Le second point est la réforme du clergé, pour que celui-ci suscite le respect. Le clergé est mieux instruit et l'Église impose le célibat des prêtres ainsi que le mariage chrétien pour les laïcs.
La réforme grégorienne voit également l'affirmation du rôle du pape : à partir du XIe siècle, le pape met en place une structure centralisée autour de la papauté. En 1059, le pape Nicolas II crée le collège des cardinaux qui élit le nouveau pape. De plus, on voit se développer la curie pontificale qui contrôle ce qui se fait dans l'Église. Enfin, le pape multiplie les interventions pontificales.
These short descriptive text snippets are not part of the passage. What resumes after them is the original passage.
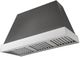AGA Euclid 48" Slate Wall Mounted Range Hood with Polished Chrome Trim-0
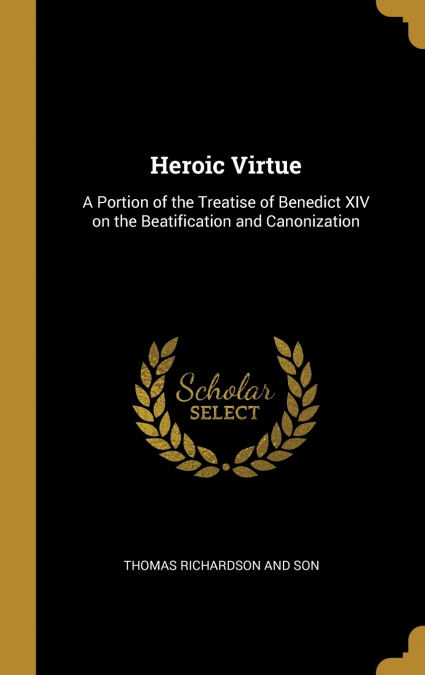 Heroic Virtue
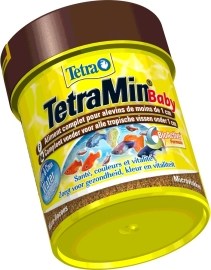 Tetra Min Baby 66ml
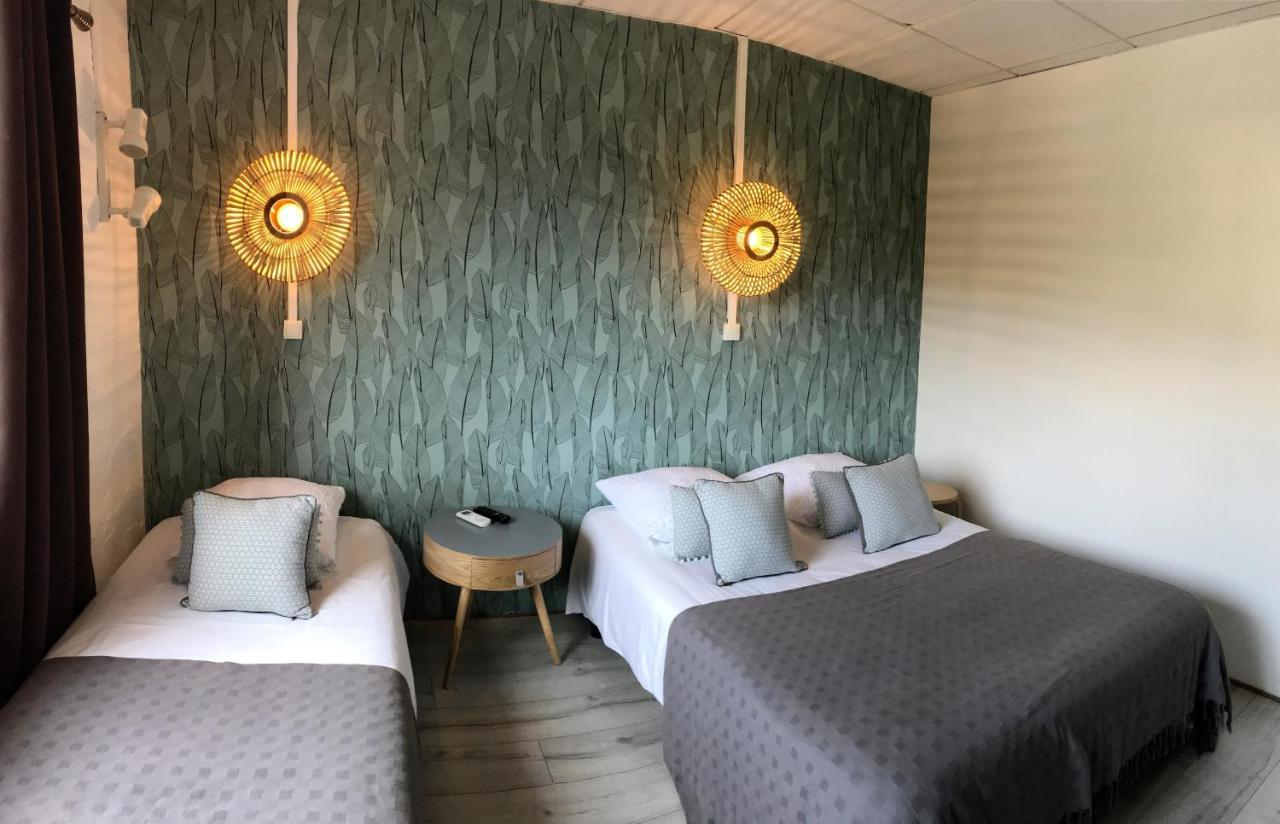 Le Provence Hotell Gémenos Exteriör bild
L'une des plus connues est matérialisée par le Décret de 1059 réformant l'élection pontificale et interdisant le nicolaïsme et la simonie.
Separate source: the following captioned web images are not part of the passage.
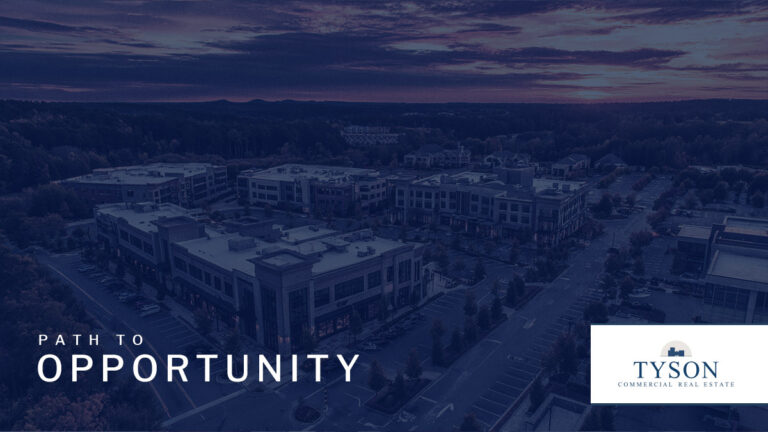 Path to opportunity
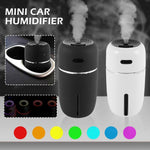 Mini LED Air Humidifier For Essential Oils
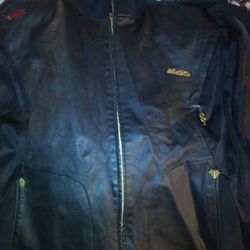 Stash House.   Bomber Jacket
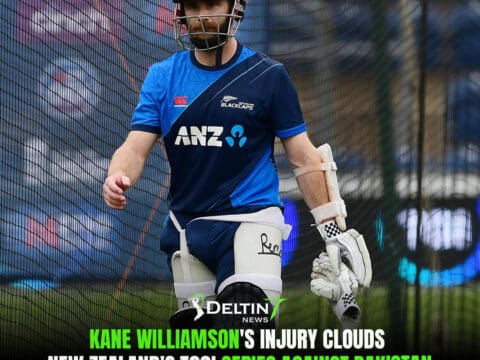 Kane Williamson's Injury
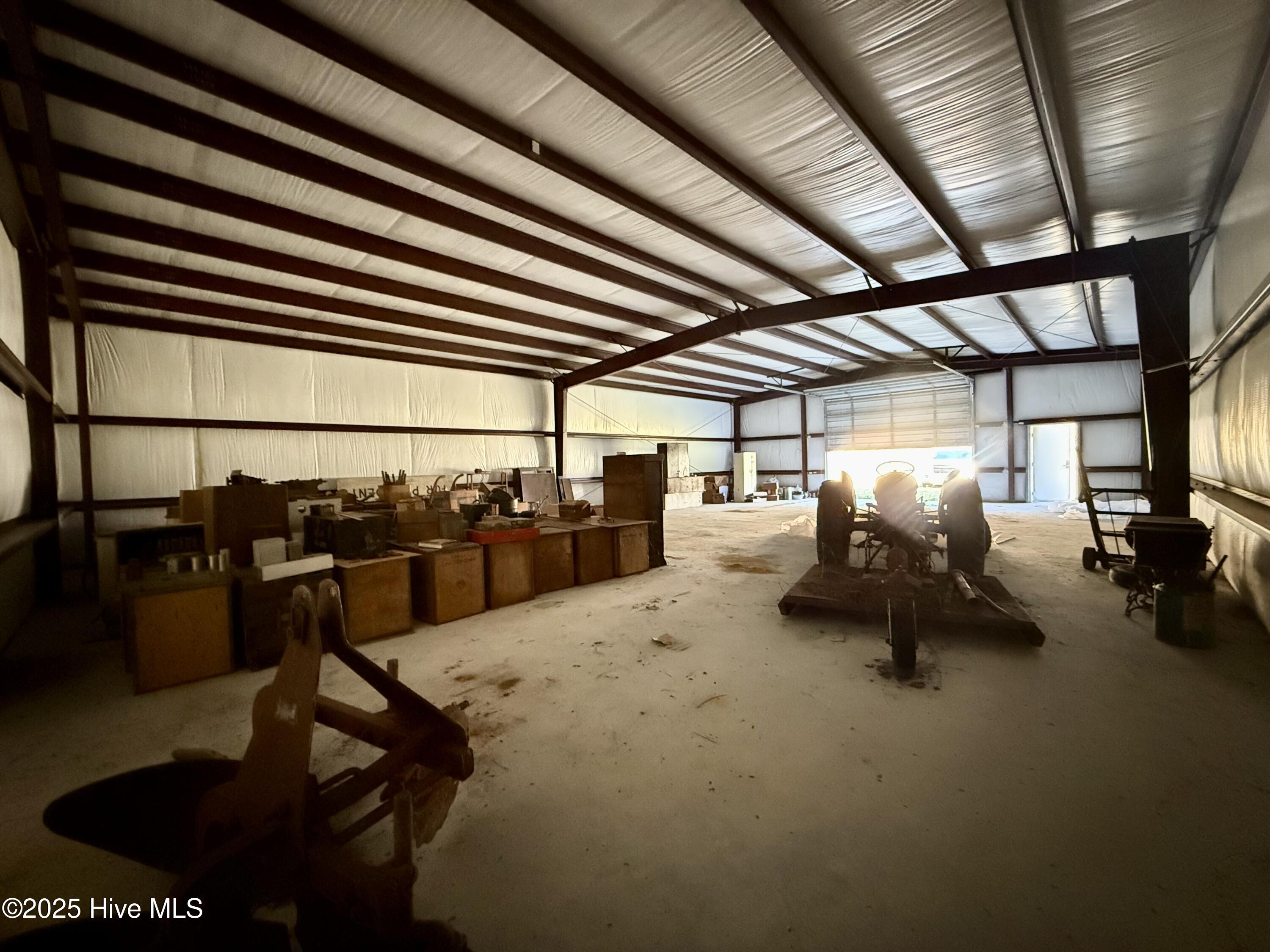 1900 J T Heath Road Williamston, NC 27892 - Photo 13 of 15 Insulated steel building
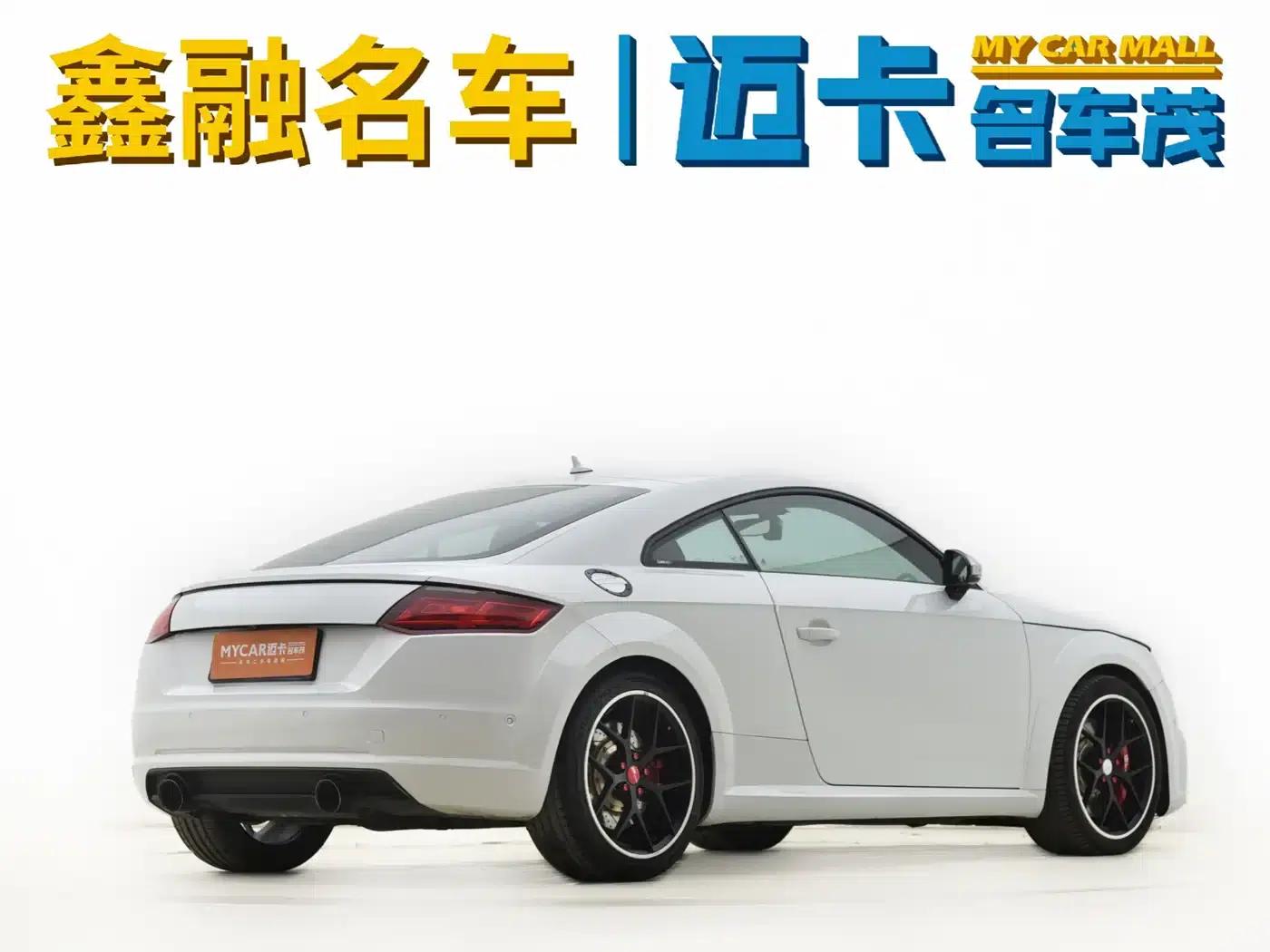 2015 Audi TT Coupe 45 TFSI quattro — миниатюра 5
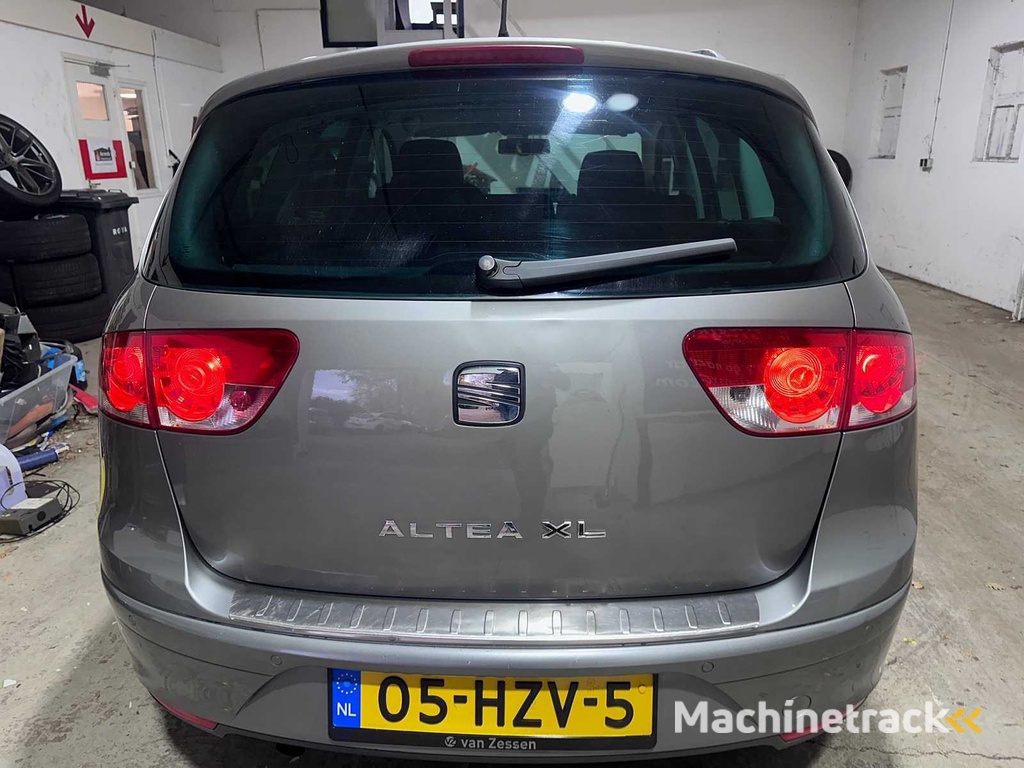 SEAT - Altea XL - 1.6 Stylance - 05-HZV-5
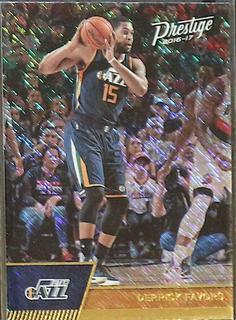 Derrick Favors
Enfin, le dernier point de la réforme met en œuvre la garantie du travail des moines tout en contrôlant les comptes de l’Église, qui est un sujet très polémique à l'époque.
Contexte historique
L'Église aux Xe et XIe siècles
Dans l'Occident de la fin du premier millénaire, les invasions sarrasines et scandinaves ont ébranlé l'ordre carolingien. Au Xe siècle, la dynastie ottonienne de ce que l'on appellera plus tard le Saint-Empire romain germanique se pose en héritière des Carolingiens. Otton Ier intervient dans les affaires des autres États et aussi dans les affaires religieuses. Ainsi, il a déposé deux papes, Jean XII et Benoît V. Son petit-fils Otton III impose son ancien précepteur Gerbert qui devient pape sous le nom de Sylvestre II[1].
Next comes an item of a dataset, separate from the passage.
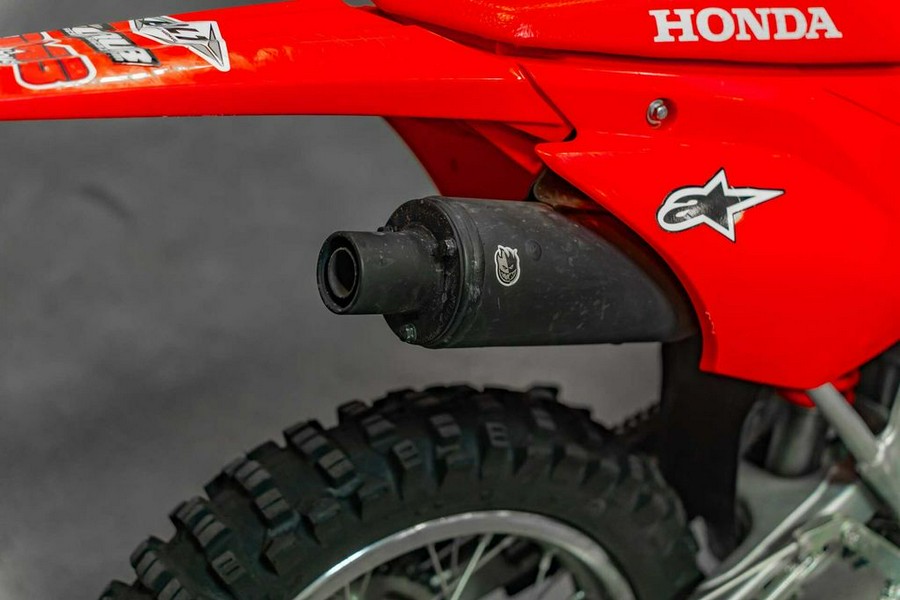 2024 Honda® CRF125F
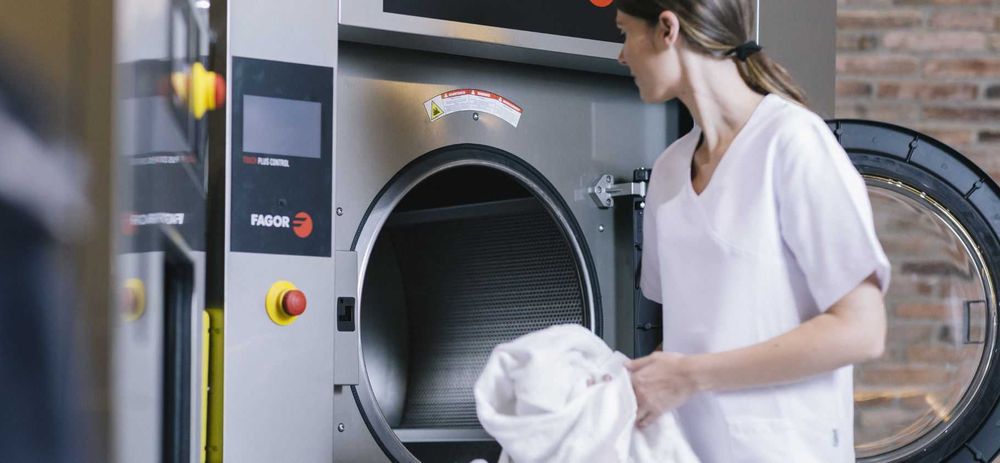 Lavandarias Fagor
Plus généralement, Jacques Le Goff caractérise la chrétienté du XIe siècle par l'effondrement de l'organisation carolingienne et l'effacement de la papauté : les empiétements du pouvoir temporel ne sont pas le seul fait de l'empereur, d'une façon plus générale, les grands laïcs ont mis la main sur l'Église. La conséquence en est que le trafic des charges ecclésiastiques se généralise. Les prêtres vendent les sacrements, s'adonnent au trafic des reliques et en tirent des revenus substantiels. C'est ce qu'on appelle la simonie. Si les empereurs du Saint-Empire ont accaparé le droit d'investiture du pape, les rois capétiens vendent des évêchés et, après la conquête de l'Angleterre, les rois normands distribuent à leurs fidèles les sièges épiscopaux anglais. En outre, le mariage des prêtres se généralise en France, en Allemagne et en Italie[2].
Crise de l'Église (Xe et XIe siècles)
Avec le déclin du pouvoir carolingien et les invasions scandinaves en Occident, l'Église souffre à divers degrés de maux et de désordres.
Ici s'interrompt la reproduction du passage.